*** Opening of SUPPLIED DATA ***
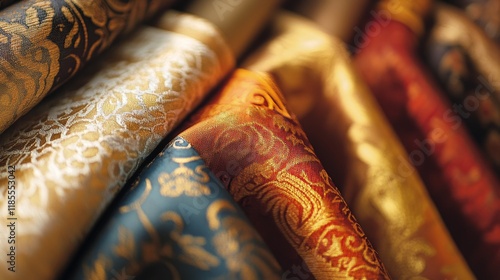 Wallpaper Mural 101.A close-up shot of fabric swatches in a catalog, the rich textures and intricate designs highlighted by warm lighting, creating an inviting and tactile scene. Torontodigital.ca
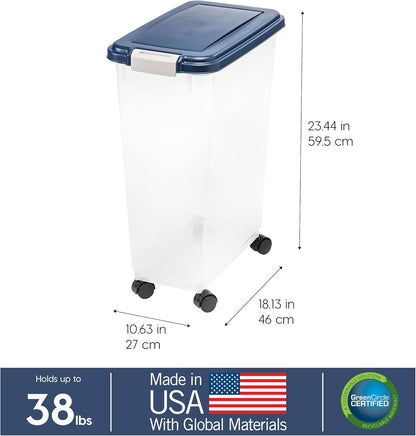 IRIS USA Airtight Dog Food Storage Container, Up to 30 lbs, Attachable Wheels, for Dog Cat Bird and other Pet Food Storage Bin, Keep Fresh, Easy Mobility, BPA Free, Black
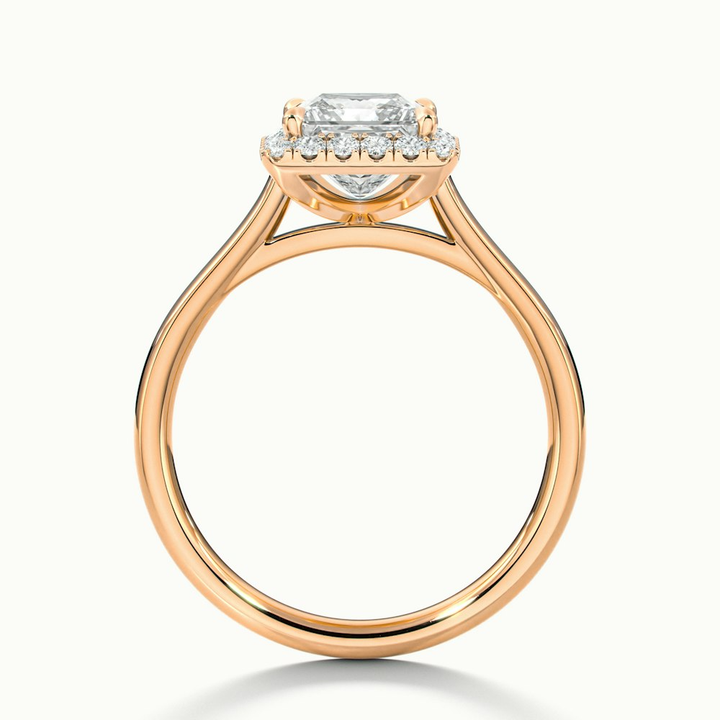 Bela 3.5 Carat Princess Cut Halo Moissanite Engagement Ring in 10k Rose Gold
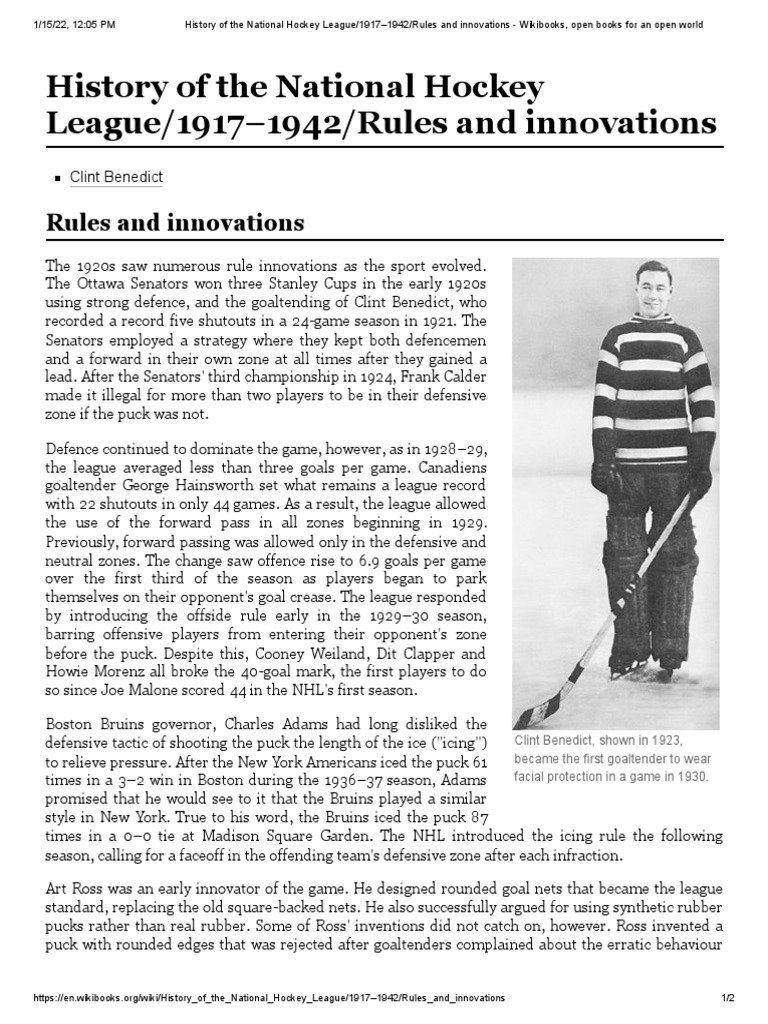 History of The National Hockey League 19171942 Rules and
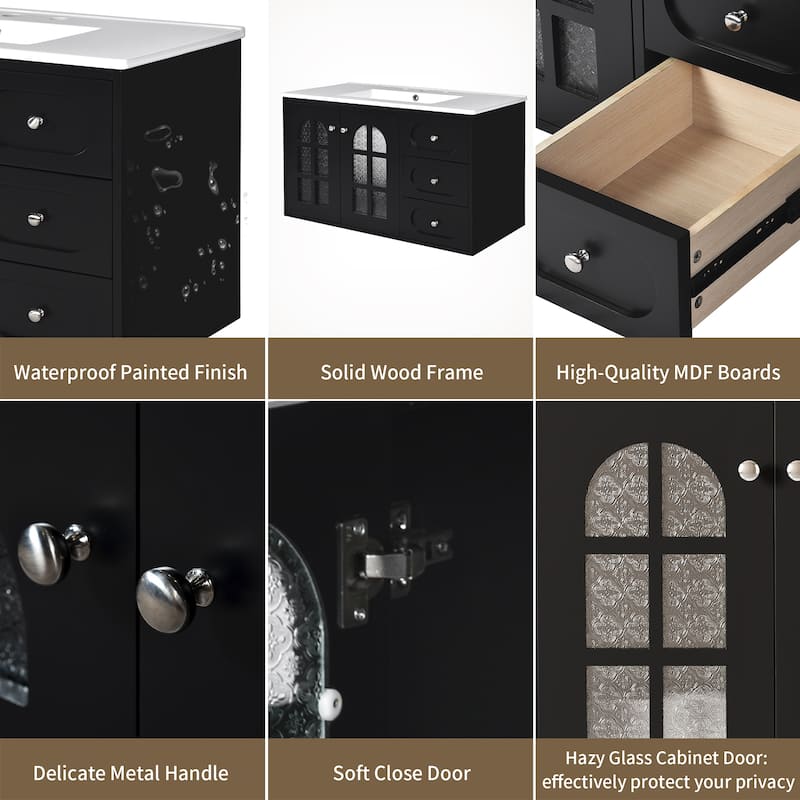 Floating Bathroom Vanity with Sink, Solid Wood Bathroom Storage Cabinet, Bathroom Vanity with 3 Drawers & Glass Panel Doors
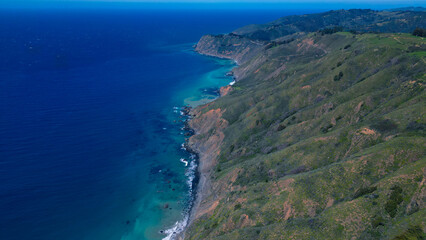 Wall Mural - Aerial view of Pacific Highway California Coastline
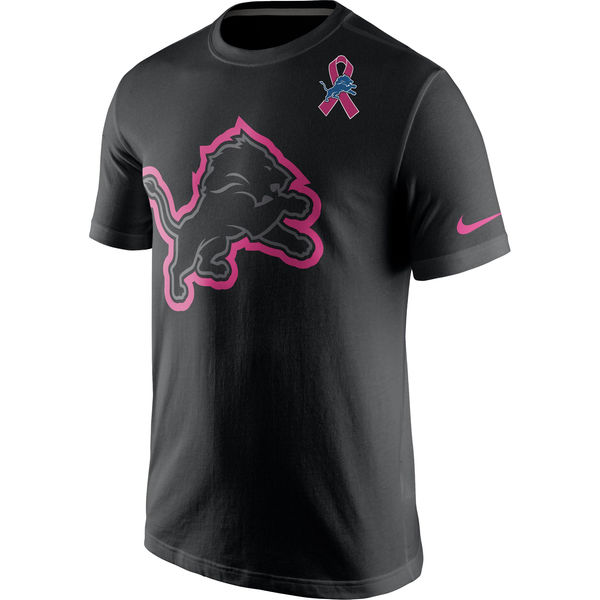 Detroit Lions Nike Breast Cancer Awareness Team Travel Performance T-Shirt Black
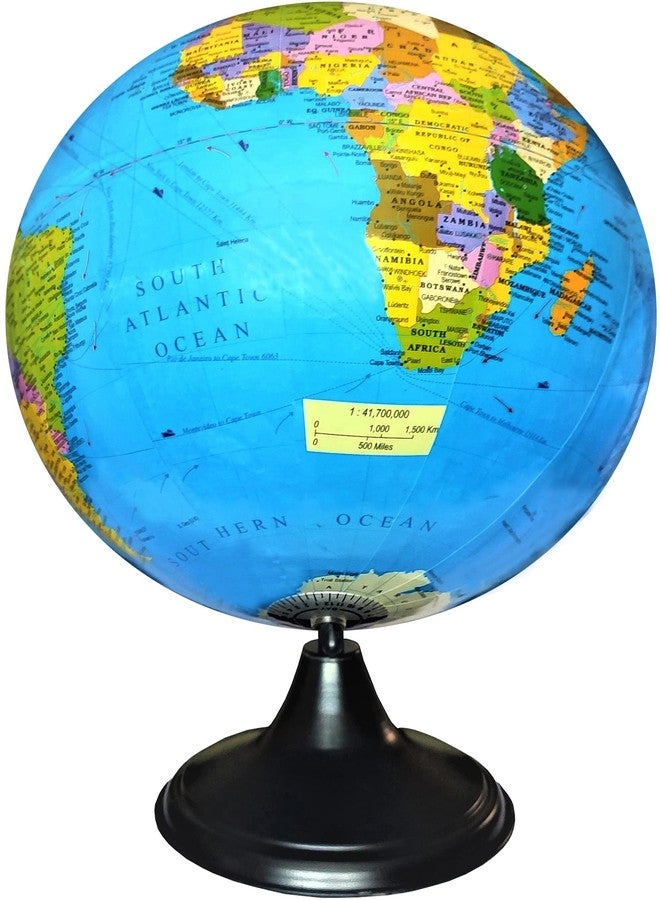 LAPRUN SAVY 8 Inch Metallic Black Base and Arc World Geography Globe for Kids/Students/Schools/Colleges/Offices Desk and Table Top Home Décor Educational Political Study Globe - Image 2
*** Close of SUPPLIED DATA ***
From the first record to the last, transcribe everything exactly but drop the pictures.

- **SOLUTION**:
 Wallpaper Mural 101.A close-up shot of fabric swatches in a catalog, the rich textures and intricate designs highlighted by warm lighting, creating an inviting and tactile scene. Torontodigital.ca
 IRIS USA Airtight Dog Food Storage Container, Up to 30 lbs, Attachable Wheels, for Dog Cat Bird and other Pet Food Storage Bin, Keep Fresh, Easy Mobility, BPA Free, Black
 Bela 3.5 Carat Princess Cut Halo Moissanite Engagement Ring in 10k Rose Gold
 History of The National Hockey League 19171942 Rules and
 Floating Bathroom Vanity with Sink, Solid Wood Bathroom Storage Cabinet, Bathroom Vanity with 3 Drawers & Glass Panel Doors
 Wall Mural - Aerial view of Pacific Highway California Coastline
 Detroit Lions Nike Breast Cancer Awareness Team Travel Performance T-Shirt Black
 LAPRUN SAVY 8 Inch Metallic Black Base and Arc World Geography Globe for Kids/Students/Schools/Colleges/Offices Desk and Table Top Home Décor Educational Political Study Globe - Image 2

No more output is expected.